Something sinister lurked behind that boredom. The city's Kurds and Sunnis looked to a fateful referendum over control of Mosul scheduled for the end of the year. Known as the Article 140 referendum after the provision in Iraq's constitution decreeing it, the referendum would ask residents of mixed-ethnic northern Iraq if they'd rather be ruled by the Kurdish Regional Government rather than by Baghdad. Kurds I interviewed, sure they'd triumph in the vote, promised war if the referendum didn't occur on time. Sunnis I interviewed, convinced the Kurds were right, promised war if it did. With a week and a half left in 2007, it's clear the referendum isn't going to happen. And with both insurgents and foreign terrorists set up in Mosul, Kirkuk, and their surrounding provinces of Ninewa and Tamim, the next powder keg of the Iraq War is due to ignite.
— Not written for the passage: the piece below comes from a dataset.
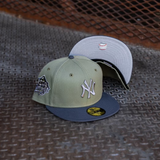 New Era New York Yankees 1999 World Series Grey UV (Olive/Graphite) 59Fifty Fitted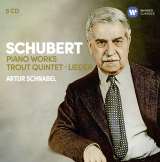 Schnabel Artur Schubert: 3 Sonatas, Impromptus, Moments Musicaux, Trout Quintet, 7 Lieder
Even in March, Sunnis felt besieged. The political center of the Sunni community in the city is the Iraqi Islamic Party (IIP), which doesn't actually hold any elected offices. It boycotted the 2005 provincial elections, a decision that has left Sunnis vastly underrepresented on the provincial council and that has contributed to a Sunni sense of inevitability to Kurdish territorial advances. At a meeting with U.S. diplomats in the IIP's mosque-cum-headquarters in March, party officials matter-of-factly declared that if the referendum advances -- a concession that the Kurds will win it -- there would be violence. "We don't believe that if Article 140 is implemented in less than four years it'll be just," said Faris Yunis, a party official in a drab olive suit. "A lot of blood will be shed by this," added his colleague, Mohammed Shakir. "There are a lot of people willing to die for that cause." It probably wasn't a mere prognostication. The IIP in the city, U.S. officials told me, has significant ties to local insurgents. They also told me that if new elections were held in the province, Shakir would likely become Ninewa's governor. Yunis and Shakir, in other words, are in a position to take Mosul's Sunnis to war.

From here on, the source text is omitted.